Just like the title... why have you used it?
I can't imagine a situation where i would want it on lock.


----------



## PhotoXopher

I use it sometimes... usually when I want to focus and recompose, I'll lock it on the center or center and down one or two spots, focus and recompose.


----------



## Big Mike

I keep mine locked at all times.  I don't want the camera choosing which one of the points to use.  It doesn't know what I want to focus on.  

I use the centre point about 97% of the time (it's the only cross type sensor on my camera (and only with F2.8 lenses)).


----------



## gl600

I see...
@Big Mike: Why wouldn't you just keep your camera set on single point selection?


----------



## Big Mike

Is there a difference :scratch:  
On my camera, I can choose to use all points or just one point.

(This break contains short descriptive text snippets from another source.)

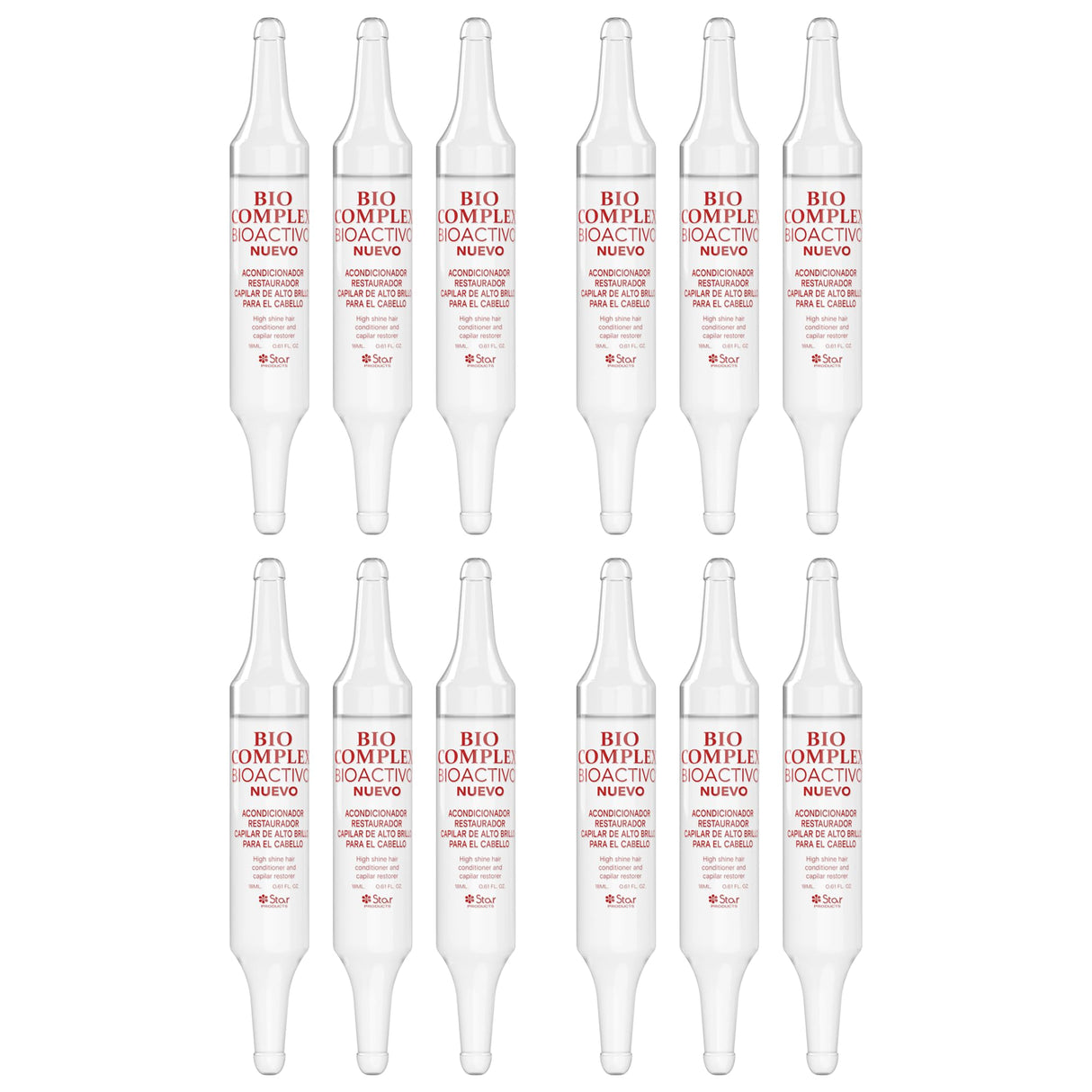 Bio Complex Bioactivo High Shine Hair Conditioner 12 Pack – 0.61 oz Each, Intense Nourishment & Glossy Shine Treatment for All Hair Types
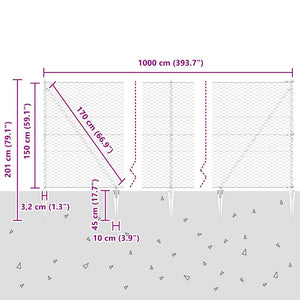Εξαγωνική Φράχτη με Στύλο 10 x 1,5 m PVC-Επικαλυμμένο Ατσάλι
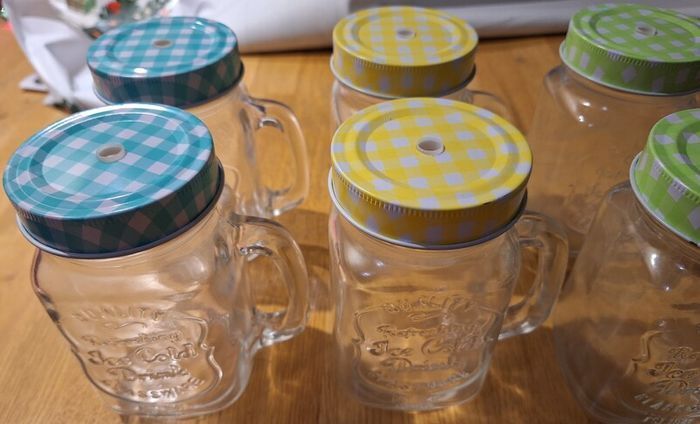 Engraved Mason Jars with Check Patterned Metal Lids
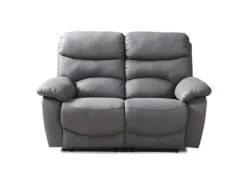 Canapé 2 Places Relax Manuel - Tissu Gris - SOBRAL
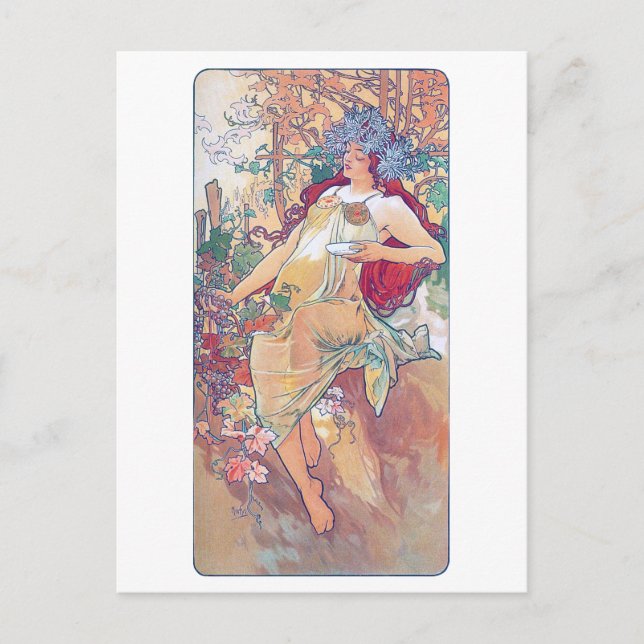 Postal Otoño (Cuatro Estaciones), Alphonse Mucha (Anverso)
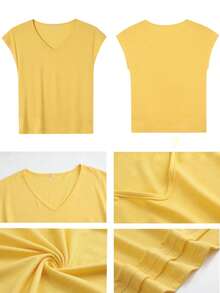 Women's Casual Summer V-Neck Vest | Von D Skull Logo Print | Perfect For Daily Wear, Outdoor Leisure, Loungewear, Back-To-School Season, Mother's Day & More Summer Occasions  | Daily Gift. - 黃色 - 查看 6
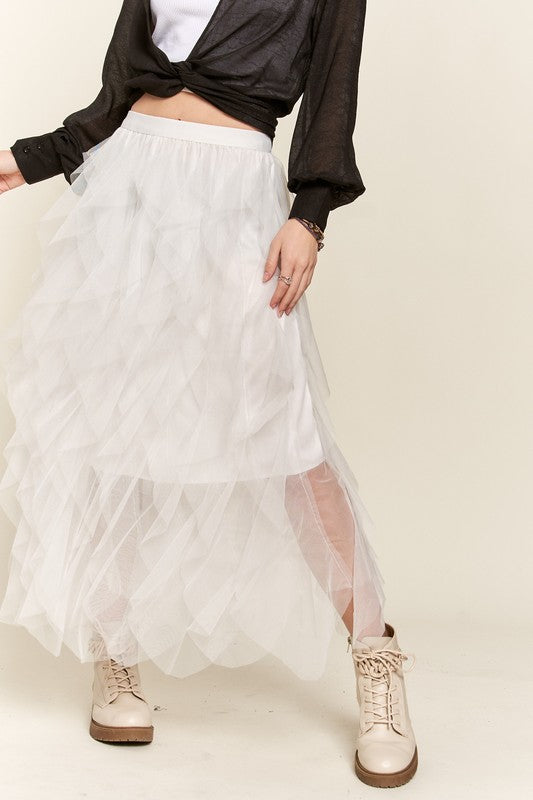 Stylish Ruffled Elastic Waist Skirt for Women - Flowy A-Line Midi Skirt with Comfortable Stretch Waistband | Perfect for Casual Outings, Office Wear & Summer Dresses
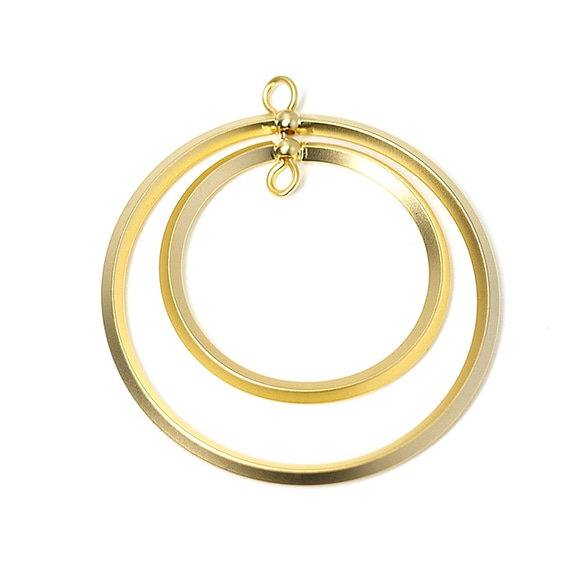 新品 [2 件] 大號雙圈形瘋狂金飾物，帶環和零件 第2張的照片
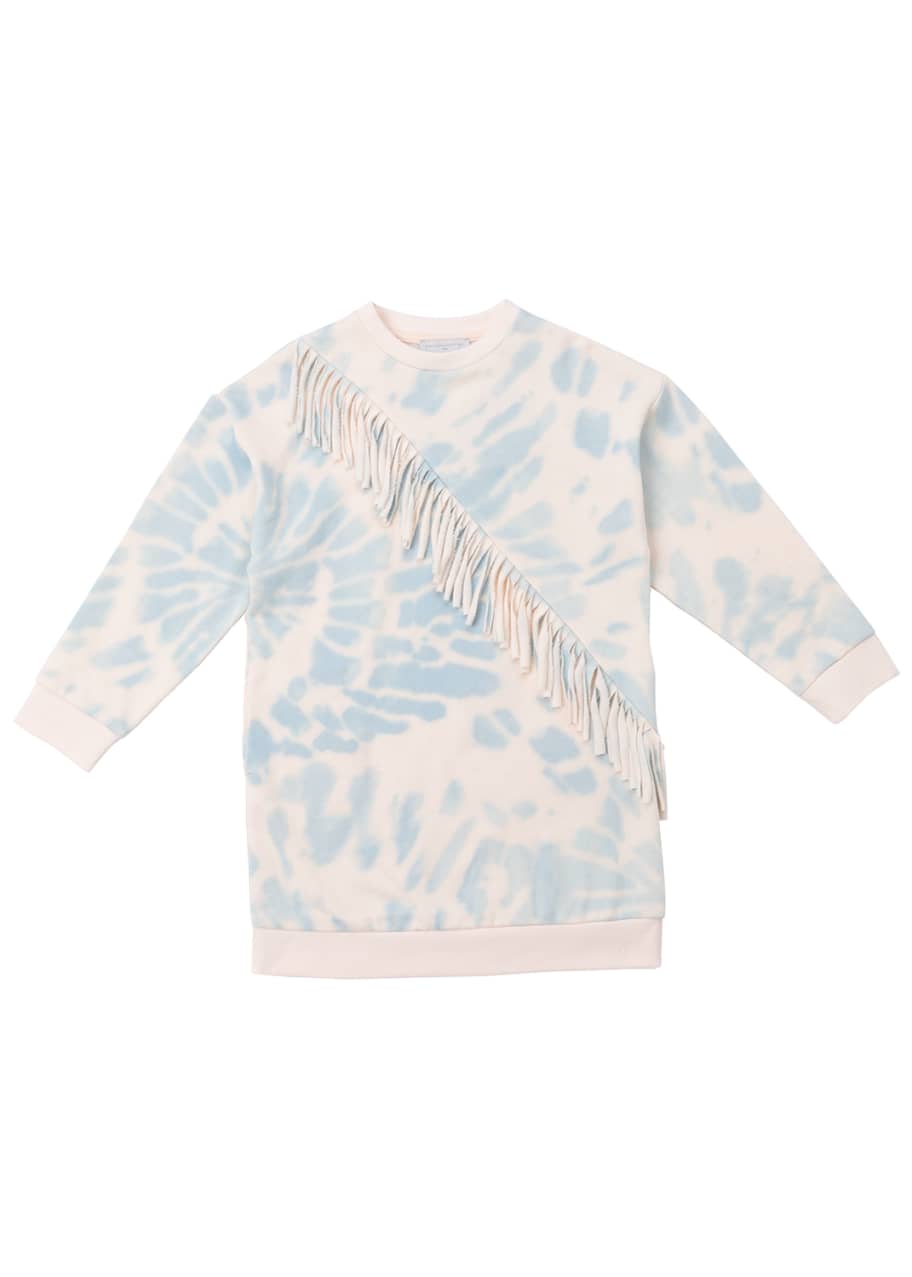 Stella McCartney Kids Girl s Tie Dye Fringe Sweatshirt Dress Size 4 14 Bergdorf Goodman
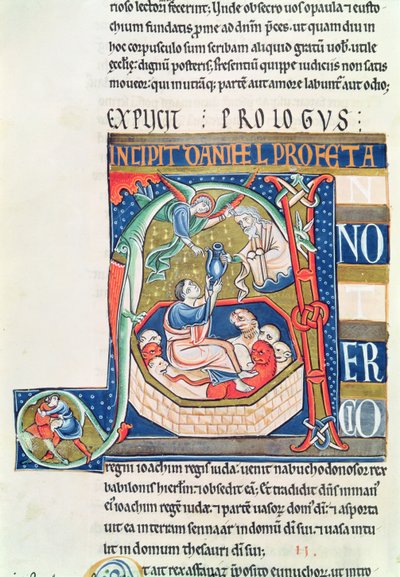 Ms 1 fol.185v Historyczny inicjał A przedstawiający Daniela w jaskini lwów, z Biblii Souvigny autorstwa French School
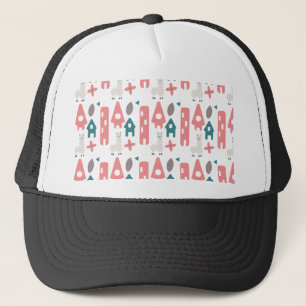 Coral Green Llama Alpaca Animal Homs Trucker Hat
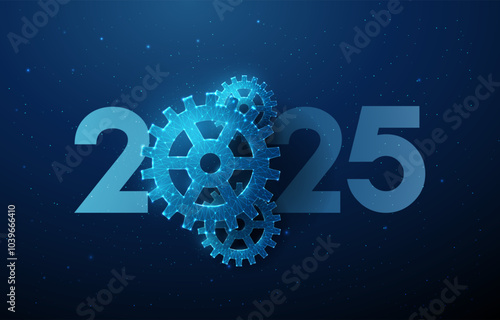 Abstract Happy 2025 New Year greeting card with cogwheels.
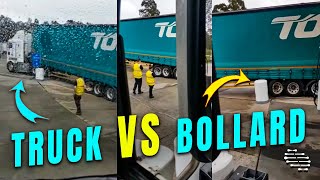 Truck Driver Got Concrete Bollard Stuck under His Truck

All I know is that I don't use the mode where the camera can use any or all of the focus points.


----------



## IgsEMT

When I'm shooting, I keep an eye of these things but during family events, when have to give camera to someone, to eliminate user-focusing-error,  I lock the focus to center.


----------



## gl600

i use the same mode, but there is a switch on the back of my D90 (also on the D80, maybe others?) That lock the point selected i.e. you will not be able to change the selected point to a different one. (I.e. if you have the middle point selected and the lock is on, clicking the left arrow on the pad will not change the selected point.)


----------



## Big Mike

Crazy Nikons :scratch:


----------



## shmne

Big Mike said:


> Crazy Nikons :scratch:



+1


----------



## kundalini

If I focus with my thumb, then my index finger only has to concentrate on _rolling over_ the shutter release, rather than pressing down on it.  This has the benefit to reduce camera shake.


----------



## PhotoXopher

No, we're talking the focus selector - no AF-ON.


----------



## kundalini

My bad....... I'm still suffering from this past weekend.  In that case, no.


----------



## kami

I combined a series of photos of myself (and my clones) cleaning my room while using the camera remote. To prevent the camera from selecting a focus everytime, I had the focus on lock.


----------



## lvcrtrs

I mostly use the center AF point and keep the Focus Selector Lock on as I have found that somehow using the up/down/L/R selector I have actually changed the focus point a few times. For the rare times I want to use a different focus point I can flip the switch. Most times though I'll just put the subject in the center, use the the Focus Lock button (p 57 of the D90 manual) and recompose. It's quicker to do.


----------